I deleted my blog in the hopes that I could run away from the very thing that God called me to- talking about my abuse. It is such a thing to deny one’s call amidst the notion that the call is inextricably tied to suffering. Most people understand suffering in the context of misery and pain and not in the light in which Christ bathes it. Shunned is the man who walks away from the light. This man indeed calls himself a Christian.
In the arms of the gospel, Christ’s soldiers falter for just an ounce of understanding, for one inkling of His mind. And when we spend enough time on the one word, or the one story that particularly convicts us, its uncomfortable sway leads us to continue on as if we never read it. Such for me was the parable of the Dishonest Steward found in Luke’s gospel Chapter 16. It took me ten times to read it, and hours of rage to understand it. I wanted it to come easy, like this is what he says I read it let’s move on. Like that run on sentence. Like we read, move on with our day, we completed one-third of our day, I got it Jesus. But today was different. With the day off and imminent silence, the frustration of His words led to a rush of trying to understand Him. And that led to an Aha moment, which in turn led to this post.
It was the commentary from MacLaren that pierced me, opening wide the gaping wound sewed up with the consolation of knowing He was behind them,
Let God be Your End
He was talking about applying the same success used in the world as being the same success we should use in Christianity. He goes on further to say,
“And let there be a correspondence between your end and your means. That signifies, ‘Thou shalt love the Lord thy God with all thy heart, and with all thy soul, and with all thy strength, and with all they mind.’ Or else when everything comes to be squared up and settled, the epitaph on your gravestone will deservedly be. ‘Thou fool!”
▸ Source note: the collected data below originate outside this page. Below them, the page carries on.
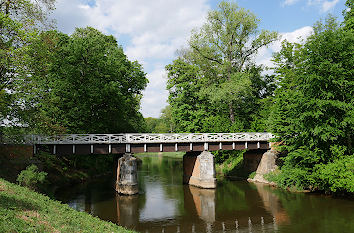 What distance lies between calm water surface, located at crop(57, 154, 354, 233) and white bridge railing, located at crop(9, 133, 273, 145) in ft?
17.0

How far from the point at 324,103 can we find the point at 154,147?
16.4m

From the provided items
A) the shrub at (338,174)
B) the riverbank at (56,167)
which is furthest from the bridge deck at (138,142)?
the shrub at (338,174)

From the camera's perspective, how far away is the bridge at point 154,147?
26.4 meters

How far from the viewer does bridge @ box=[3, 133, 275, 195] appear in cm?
2636

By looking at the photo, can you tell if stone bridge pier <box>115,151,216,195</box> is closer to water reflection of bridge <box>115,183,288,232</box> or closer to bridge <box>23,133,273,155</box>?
bridge <box>23,133,273,155</box>

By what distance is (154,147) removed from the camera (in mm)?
29016

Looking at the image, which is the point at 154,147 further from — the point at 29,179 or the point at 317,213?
the point at 317,213

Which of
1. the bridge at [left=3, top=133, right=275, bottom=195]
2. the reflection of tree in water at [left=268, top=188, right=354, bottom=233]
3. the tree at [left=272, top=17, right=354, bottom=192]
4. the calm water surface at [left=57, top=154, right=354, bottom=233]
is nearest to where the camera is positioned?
the reflection of tree in water at [left=268, top=188, right=354, bottom=233]

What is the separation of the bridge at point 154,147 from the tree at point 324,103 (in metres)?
7.83

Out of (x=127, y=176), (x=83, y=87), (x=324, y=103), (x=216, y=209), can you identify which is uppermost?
(x=83, y=87)

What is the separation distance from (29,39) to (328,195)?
88.4 feet

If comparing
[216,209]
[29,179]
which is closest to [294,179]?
[216,209]

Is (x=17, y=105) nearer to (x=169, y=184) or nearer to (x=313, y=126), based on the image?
(x=169, y=184)

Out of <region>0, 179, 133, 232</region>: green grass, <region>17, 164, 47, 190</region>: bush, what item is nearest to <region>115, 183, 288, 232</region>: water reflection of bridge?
<region>17, 164, 47, 190</region>: bush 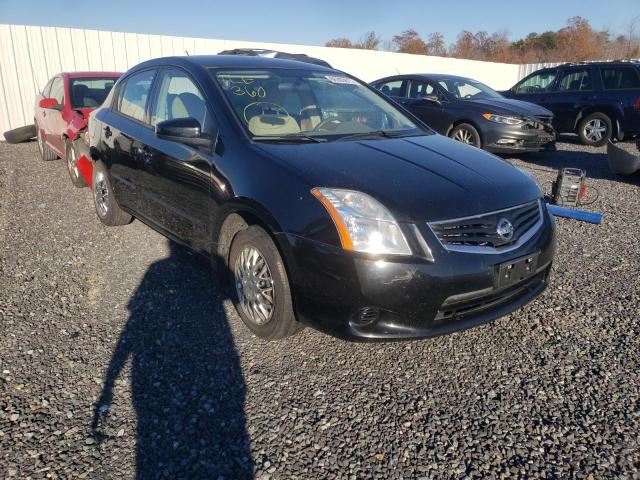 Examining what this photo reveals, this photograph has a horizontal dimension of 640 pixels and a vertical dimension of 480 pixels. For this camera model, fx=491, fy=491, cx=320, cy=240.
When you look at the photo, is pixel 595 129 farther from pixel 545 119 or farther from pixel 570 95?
pixel 545 119

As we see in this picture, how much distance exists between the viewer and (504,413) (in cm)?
238

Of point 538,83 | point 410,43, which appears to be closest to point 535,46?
point 410,43

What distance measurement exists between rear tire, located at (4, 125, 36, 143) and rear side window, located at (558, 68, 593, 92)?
472 inches

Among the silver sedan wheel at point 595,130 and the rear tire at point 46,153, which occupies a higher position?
the silver sedan wheel at point 595,130

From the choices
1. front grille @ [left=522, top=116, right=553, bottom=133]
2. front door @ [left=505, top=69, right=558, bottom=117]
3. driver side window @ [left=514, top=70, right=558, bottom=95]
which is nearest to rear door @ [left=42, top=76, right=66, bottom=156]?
front grille @ [left=522, top=116, right=553, bottom=133]

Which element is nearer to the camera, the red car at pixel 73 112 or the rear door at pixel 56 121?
the red car at pixel 73 112

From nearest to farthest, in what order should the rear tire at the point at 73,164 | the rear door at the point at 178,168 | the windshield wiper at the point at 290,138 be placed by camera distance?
the windshield wiper at the point at 290,138, the rear door at the point at 178,168, the rear tire at the point at 73,164

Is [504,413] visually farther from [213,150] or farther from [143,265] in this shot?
[143,265]

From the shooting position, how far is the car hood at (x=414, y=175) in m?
2.50

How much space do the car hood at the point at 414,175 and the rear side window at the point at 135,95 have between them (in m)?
1.71

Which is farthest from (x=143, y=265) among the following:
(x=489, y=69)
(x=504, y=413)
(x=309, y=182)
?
(x=489, y=69)

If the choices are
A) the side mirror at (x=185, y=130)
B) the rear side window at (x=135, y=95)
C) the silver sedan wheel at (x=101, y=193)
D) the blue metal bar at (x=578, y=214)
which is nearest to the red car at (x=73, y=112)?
the silver sedan wheel at (x=101, y=193)

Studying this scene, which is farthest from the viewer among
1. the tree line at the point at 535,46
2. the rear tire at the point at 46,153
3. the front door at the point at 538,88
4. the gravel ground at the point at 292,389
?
the tree line at the point at 535,46

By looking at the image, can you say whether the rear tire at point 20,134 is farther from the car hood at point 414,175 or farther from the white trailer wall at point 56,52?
the car hood at point 414,175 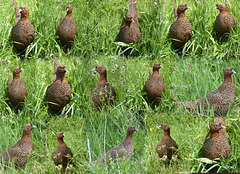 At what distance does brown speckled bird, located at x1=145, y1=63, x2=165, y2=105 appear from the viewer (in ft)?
17.3

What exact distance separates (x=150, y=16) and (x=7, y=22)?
86.6 inches

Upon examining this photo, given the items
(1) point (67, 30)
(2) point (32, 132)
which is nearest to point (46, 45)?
(1) point (67, 30)

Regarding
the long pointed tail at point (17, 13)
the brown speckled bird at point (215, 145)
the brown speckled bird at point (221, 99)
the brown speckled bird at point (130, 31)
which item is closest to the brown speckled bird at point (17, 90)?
the long pointed tail at point (17, 13)

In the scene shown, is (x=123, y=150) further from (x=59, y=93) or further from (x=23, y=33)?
(x=23, y=33)

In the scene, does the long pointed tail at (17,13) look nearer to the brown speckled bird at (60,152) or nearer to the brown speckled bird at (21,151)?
the brown speckled bird at (21,151)

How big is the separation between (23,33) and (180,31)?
2.22 meters

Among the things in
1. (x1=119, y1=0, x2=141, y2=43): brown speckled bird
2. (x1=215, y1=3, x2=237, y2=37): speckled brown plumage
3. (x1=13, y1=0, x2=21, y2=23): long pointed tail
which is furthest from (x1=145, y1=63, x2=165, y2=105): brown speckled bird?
(x1=13, y1=0, x2=21, y2=23): long pointed tail

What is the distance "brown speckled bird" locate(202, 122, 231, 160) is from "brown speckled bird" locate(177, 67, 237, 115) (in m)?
0.26

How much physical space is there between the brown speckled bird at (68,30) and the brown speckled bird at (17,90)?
786 mm

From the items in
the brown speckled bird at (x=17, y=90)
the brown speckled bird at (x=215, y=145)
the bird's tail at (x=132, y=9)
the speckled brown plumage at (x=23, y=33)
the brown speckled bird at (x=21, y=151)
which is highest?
the bird's tail at (x=132, y=9)

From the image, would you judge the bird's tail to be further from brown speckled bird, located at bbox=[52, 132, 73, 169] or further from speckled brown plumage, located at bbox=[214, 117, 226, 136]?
brown speckled bird, located at bbox=[52, 132, 73, 169]

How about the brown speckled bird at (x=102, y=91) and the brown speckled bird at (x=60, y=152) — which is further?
the brown speckled bird at (x=102, y=91)

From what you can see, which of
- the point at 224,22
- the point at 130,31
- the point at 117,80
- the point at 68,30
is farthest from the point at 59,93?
the point at 224,22

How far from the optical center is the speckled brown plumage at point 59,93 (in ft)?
17.1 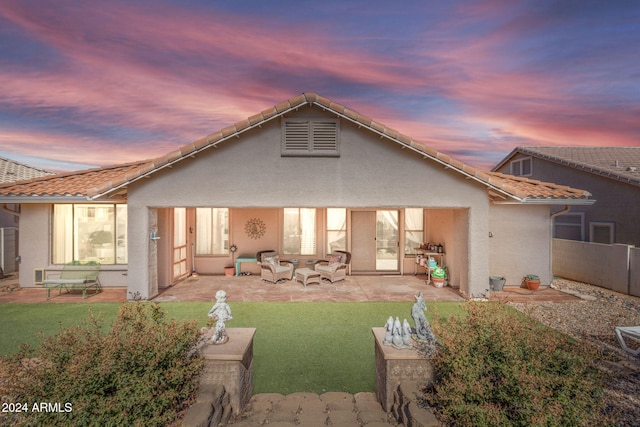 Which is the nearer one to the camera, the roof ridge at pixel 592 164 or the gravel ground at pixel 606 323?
the gravel ground at pixel 606 323

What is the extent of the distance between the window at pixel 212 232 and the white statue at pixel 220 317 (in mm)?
8853

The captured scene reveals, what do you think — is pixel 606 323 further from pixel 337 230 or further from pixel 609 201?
Answer: pixel 609 201

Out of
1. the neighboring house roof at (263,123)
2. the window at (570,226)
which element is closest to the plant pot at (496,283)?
the neighboring house roof at (263,123)

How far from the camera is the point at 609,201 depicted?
14688 mm

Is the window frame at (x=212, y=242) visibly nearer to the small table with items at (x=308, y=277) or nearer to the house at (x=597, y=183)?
the small table with items at (x=308, y=277)

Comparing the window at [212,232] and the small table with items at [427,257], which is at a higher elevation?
the window at [212,232]

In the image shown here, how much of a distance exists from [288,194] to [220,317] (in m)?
5.34

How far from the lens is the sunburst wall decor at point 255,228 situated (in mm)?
13172

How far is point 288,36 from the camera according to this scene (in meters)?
10.3

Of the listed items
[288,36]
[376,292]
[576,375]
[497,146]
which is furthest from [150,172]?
[497,146]

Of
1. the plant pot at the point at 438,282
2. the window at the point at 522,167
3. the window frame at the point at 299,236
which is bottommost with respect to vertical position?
the plant pot at the point at 438,282

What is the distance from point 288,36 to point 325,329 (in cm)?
895

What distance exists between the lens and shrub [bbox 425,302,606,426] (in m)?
2.93

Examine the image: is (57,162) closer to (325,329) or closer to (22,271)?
(22,271) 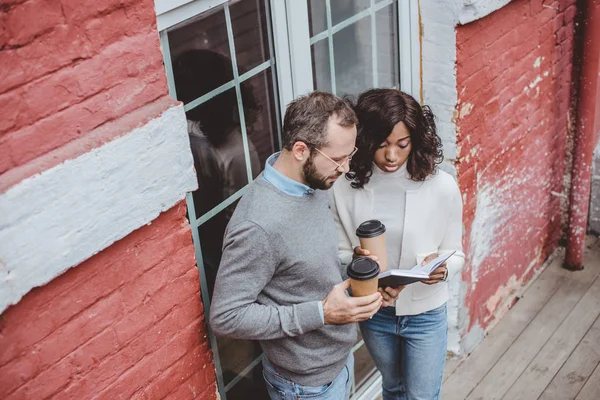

When we find success in the world, we find it at the expense of another, at the expense of ourselves. Our means to an end are for our own self-fulfillment, our monetary gain, our own name recognition. We may not recognize it and so then it is simply a matter of time until we do. But when Christ lifts the veil from our eyes as He did today for me, I realize that I am tired and broken because my perseverance has been weighed down in the worldly definitions of success rather than in the context of the Kingdom. My shrewdness has been capitulated to the world, shrouded in defeat of the success I thought I wanted or needed to attain. So I say no not #metoo, I say instead #whynotme. For those of us who have suffered at the hands of our abusers but who find our solace in Christ. For those of us who are not recognized by Hollywood or by professional sports leagues. For those of us who are not rich or famous. This is perseverance in the kingdom of God- recognizing our abuse as a platform for Christ’s message of forgiveness, mercy and redemption through Him who gives suffering a meaning and a name. Who gave me my name- Melissa, servant of Jesus.